Na condição de pesquisador-educador, Kater sempre se posicionou como mediador da sensibilização da escuta para a cognição fruitiva da música. Em seu projeto “A Música da Gente”, sua estratégia educacional é o processo criativo, a artesania composicional que valoriza a descoberta, o improviso e o experimento, estimulando a criatividade e, também, preparando a facilitação de uma escuta construtiva da música, isto é, a transição do impacto auditivo à revelação estética, principalmente na música nova. Do vídeo-documentário sobre este projeto, também disponibilizado no YouTube[2], destaco as seguintes frases pronunciadas pelas crianças do projeto: “A música da gente não tem fronteiras: está em todos os lugares: no ar, no chão, nos animais, nas coisas, no mundo e na gente.” “O som, o corpo e o pensamento criam a música.” “Os sons dos instrumentos que construímos são diferentes. Fazem com que a música que inventamos soe de um jeito só nosso.” Dentre esses instrumentos fabricados pelas crianças, destaco o interessante “seringofone”, um instrumento coletivo feito de apitos, seringas e mangueira. “A Música da Gente” foi implantado pela primeira vez em 2013, com patrocínio da Scania Latin America. Em 2014, o projeto já era considerado uma “revolução educacional” pelo jornalista João Marcos Coelho, em crítica publicada na Revista Concerto[3] sobre o CD lançado, ressaltando o despertar da criatividade inata da criança no trabalho realizado em Minas Gerais e em São Bernardo do Campo. Para Kater, a partir do mergulho no mundo sonoro e de uma escuta construída, tudo pode ser música. Música feita como exercício de humanidade, com poder transformador. Como ele mesmo diz nesse vídeo, “Construções ao nível humano vão além das construções cognitivas”.  E com muita propriedade, citando Oswald de Andrade, ele afirma: “a alegria é a prova dos 9”. A alegria estampada nas faces das crianças ao fazer música não só entusiasma o espectador como credita tanto o projeto quanto o poder transformador da música.

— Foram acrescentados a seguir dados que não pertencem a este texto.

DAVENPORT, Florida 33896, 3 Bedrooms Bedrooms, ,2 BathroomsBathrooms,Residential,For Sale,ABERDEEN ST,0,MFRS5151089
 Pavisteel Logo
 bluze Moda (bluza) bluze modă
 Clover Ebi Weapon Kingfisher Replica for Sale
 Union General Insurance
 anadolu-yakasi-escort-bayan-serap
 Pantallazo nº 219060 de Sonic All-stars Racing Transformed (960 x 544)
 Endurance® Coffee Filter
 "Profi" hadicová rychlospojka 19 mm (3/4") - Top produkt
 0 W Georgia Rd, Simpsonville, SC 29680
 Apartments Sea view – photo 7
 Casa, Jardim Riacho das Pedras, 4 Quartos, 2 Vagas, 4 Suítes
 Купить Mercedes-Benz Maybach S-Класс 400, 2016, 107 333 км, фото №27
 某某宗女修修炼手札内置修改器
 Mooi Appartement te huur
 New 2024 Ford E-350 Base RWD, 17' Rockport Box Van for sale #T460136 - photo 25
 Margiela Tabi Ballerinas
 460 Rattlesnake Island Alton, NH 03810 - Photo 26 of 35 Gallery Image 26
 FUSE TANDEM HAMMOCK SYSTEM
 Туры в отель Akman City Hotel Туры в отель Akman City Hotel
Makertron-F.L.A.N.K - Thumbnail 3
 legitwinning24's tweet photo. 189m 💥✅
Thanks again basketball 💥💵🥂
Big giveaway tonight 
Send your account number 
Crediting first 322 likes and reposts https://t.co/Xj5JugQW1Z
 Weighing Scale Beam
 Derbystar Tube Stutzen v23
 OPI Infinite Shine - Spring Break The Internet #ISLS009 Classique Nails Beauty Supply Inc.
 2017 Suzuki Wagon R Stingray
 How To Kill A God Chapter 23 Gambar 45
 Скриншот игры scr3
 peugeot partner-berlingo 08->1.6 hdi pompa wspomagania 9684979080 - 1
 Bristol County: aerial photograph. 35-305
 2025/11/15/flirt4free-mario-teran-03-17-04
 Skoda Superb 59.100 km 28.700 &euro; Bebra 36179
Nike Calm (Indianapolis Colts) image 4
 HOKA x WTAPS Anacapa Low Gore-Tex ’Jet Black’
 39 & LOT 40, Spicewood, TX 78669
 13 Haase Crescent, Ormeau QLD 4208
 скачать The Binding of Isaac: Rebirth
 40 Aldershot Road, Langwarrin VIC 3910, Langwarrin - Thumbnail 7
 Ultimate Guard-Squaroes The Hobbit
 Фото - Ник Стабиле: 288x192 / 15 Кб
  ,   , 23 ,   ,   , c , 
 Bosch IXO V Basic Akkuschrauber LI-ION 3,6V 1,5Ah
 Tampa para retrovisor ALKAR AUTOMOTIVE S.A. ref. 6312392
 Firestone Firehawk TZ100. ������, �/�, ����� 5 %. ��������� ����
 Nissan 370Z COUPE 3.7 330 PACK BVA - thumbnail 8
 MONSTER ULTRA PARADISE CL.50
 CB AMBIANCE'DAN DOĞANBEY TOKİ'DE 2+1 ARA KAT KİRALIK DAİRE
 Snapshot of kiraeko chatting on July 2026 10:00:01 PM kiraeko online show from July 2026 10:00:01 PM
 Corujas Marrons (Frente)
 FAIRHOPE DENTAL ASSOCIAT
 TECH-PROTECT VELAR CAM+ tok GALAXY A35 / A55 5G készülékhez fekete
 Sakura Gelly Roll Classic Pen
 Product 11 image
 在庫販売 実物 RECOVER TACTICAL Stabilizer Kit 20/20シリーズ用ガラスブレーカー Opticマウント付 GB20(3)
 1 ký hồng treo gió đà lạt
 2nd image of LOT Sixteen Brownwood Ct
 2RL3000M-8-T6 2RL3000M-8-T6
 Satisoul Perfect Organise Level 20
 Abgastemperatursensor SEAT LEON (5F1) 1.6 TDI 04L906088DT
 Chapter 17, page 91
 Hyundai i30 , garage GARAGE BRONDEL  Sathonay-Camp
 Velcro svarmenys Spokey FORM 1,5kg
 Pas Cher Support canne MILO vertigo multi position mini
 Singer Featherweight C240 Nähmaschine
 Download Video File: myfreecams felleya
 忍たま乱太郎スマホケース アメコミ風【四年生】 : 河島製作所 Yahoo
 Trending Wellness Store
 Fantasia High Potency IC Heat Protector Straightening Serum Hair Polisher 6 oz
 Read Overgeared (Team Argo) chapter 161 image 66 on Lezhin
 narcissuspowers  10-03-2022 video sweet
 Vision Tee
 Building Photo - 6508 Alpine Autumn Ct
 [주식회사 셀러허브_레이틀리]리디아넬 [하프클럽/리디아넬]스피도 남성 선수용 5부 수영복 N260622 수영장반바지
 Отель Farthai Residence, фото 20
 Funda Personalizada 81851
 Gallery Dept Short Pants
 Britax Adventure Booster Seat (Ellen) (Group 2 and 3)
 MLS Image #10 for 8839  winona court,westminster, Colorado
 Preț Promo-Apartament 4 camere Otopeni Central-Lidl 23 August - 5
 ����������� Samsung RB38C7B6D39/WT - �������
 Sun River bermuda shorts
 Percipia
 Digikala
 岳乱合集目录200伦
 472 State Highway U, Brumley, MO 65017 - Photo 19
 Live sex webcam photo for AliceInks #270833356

“A Música da Gente” é a versão mais aprimorada de outras realizações educativas anteriores de Kater, onde a criação tem papel preponderante. Uma das mais significativas, “La Manifestation”, projeto dedicado a Paulo Freire, revelou-se como processo dialógico, resposta ao desafio de constituição de uma Música do oprimido. “Música na Escola”, outro projeto pioneiro de educação musical, atendeu cerca de 4.000 professores da rede pública da Secretaria de Estado de Educação de Minas Gerais, e serviu de referência para muitos projetos que se sucederam. “A Música nas Escolas da Gente” foi a variante do projeto para o ano 2022. Com as mesmas características, dirigiu-se desta vez à formação de professores da rede municipal de São Bernardo do Campo. “A Música da Gente” comemora neste ano 10 anos de existência, tendo sido utilizado em várias regiões do Brasil e atingido mais de 30.000 participantes. Segundo Kater, esse projeto é a forma que ele encontrou de integrar educação musical, criação de música, protagonismo social e formação humana.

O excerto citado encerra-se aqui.